(Excerpts from a dataset)
──────────

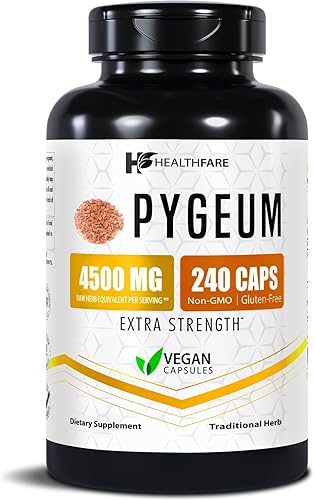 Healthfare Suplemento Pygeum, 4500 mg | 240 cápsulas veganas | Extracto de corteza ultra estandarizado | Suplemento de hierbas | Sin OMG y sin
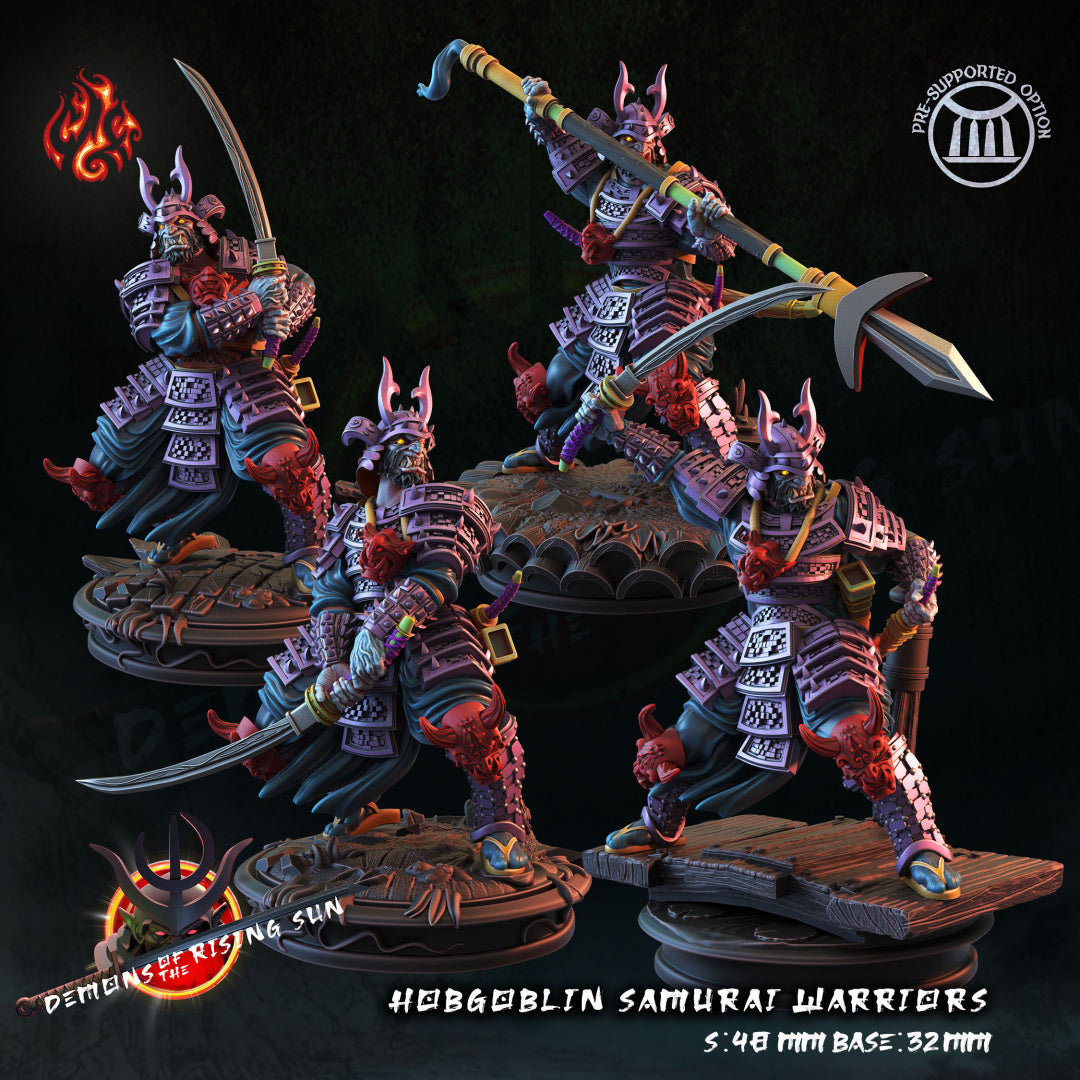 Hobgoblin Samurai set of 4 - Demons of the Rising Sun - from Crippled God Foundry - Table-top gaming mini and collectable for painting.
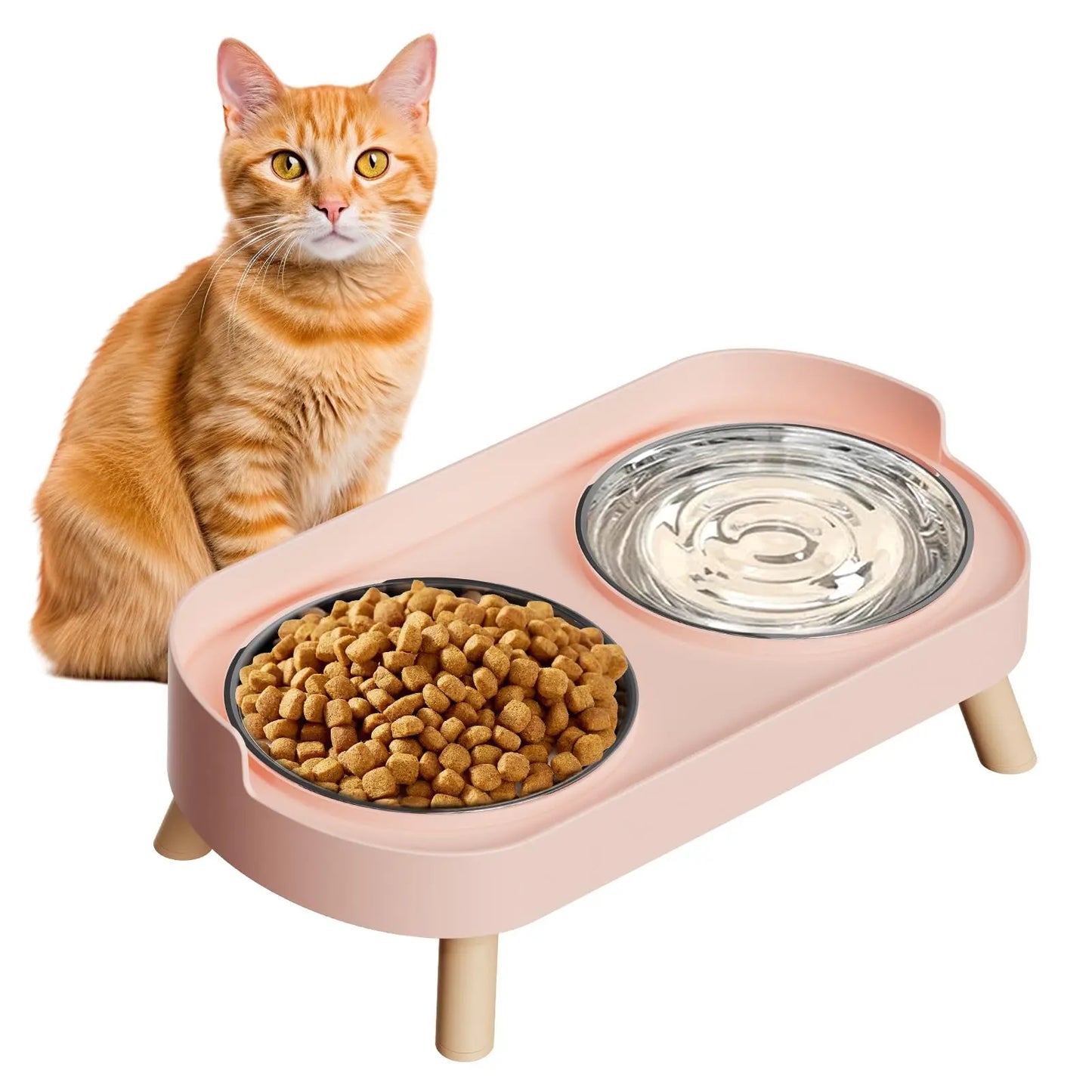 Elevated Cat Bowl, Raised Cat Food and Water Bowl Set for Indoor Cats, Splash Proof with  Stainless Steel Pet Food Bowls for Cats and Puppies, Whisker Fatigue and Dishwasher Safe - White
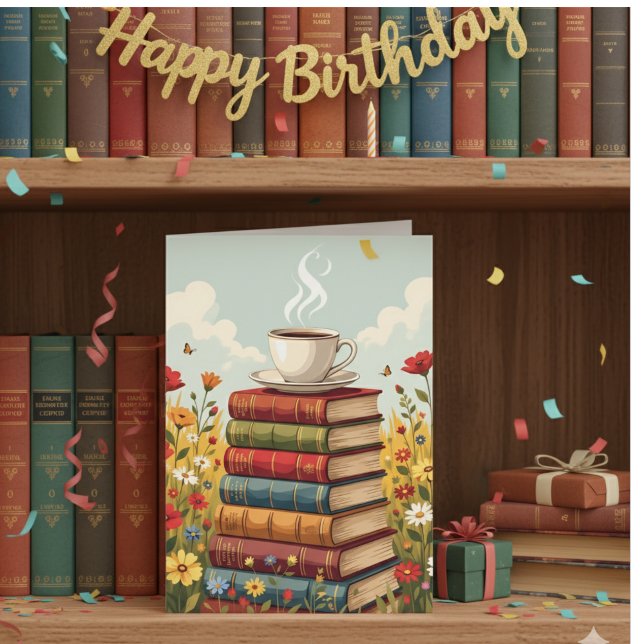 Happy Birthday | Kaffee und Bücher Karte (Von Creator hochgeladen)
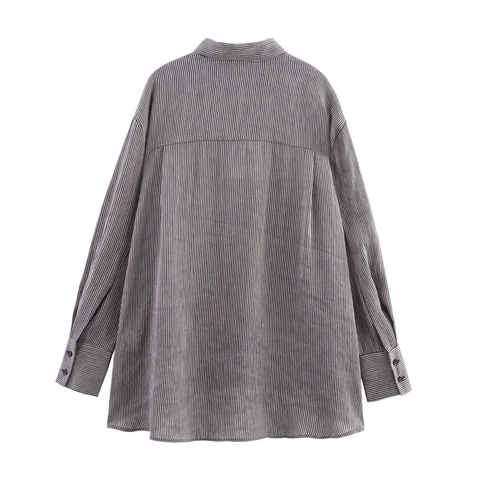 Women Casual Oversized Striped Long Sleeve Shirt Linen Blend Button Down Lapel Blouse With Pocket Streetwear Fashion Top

──────────

* What you have to do *
Keep the pictures out while you retype all of the data above exactly as it appears.

* The answer *
 Healthfare Suplemento Pygeum, 4500 mg | 240 cápsulas veganas | Extracto de corteza ultra estandarizado | Suplemento de hierbas | Sin OMG y sin
 Hobgoblin Samurai set of 4 - Demons of the Rising Sun - from Crippled God Foundry - Table-top gaming mini and collectable for painting.
 Elevated Cat Bowl, Raised Cat Food and Water Bowl Set for Indoor Cats, Splash Proof with  Stainless Steel Pet Food Bowls for Cats and Puppies, Whisker Fatigue and Dishwasher Safe - White
 Happy Birthday | Kaffee und Bücher Karte (Von Creator hochgeladen)
 Women Casual Oversized Striped Long Sleeve Shirt Linen Blend Button Down Lapel Blouse With Pocket Streetwear Fashion Top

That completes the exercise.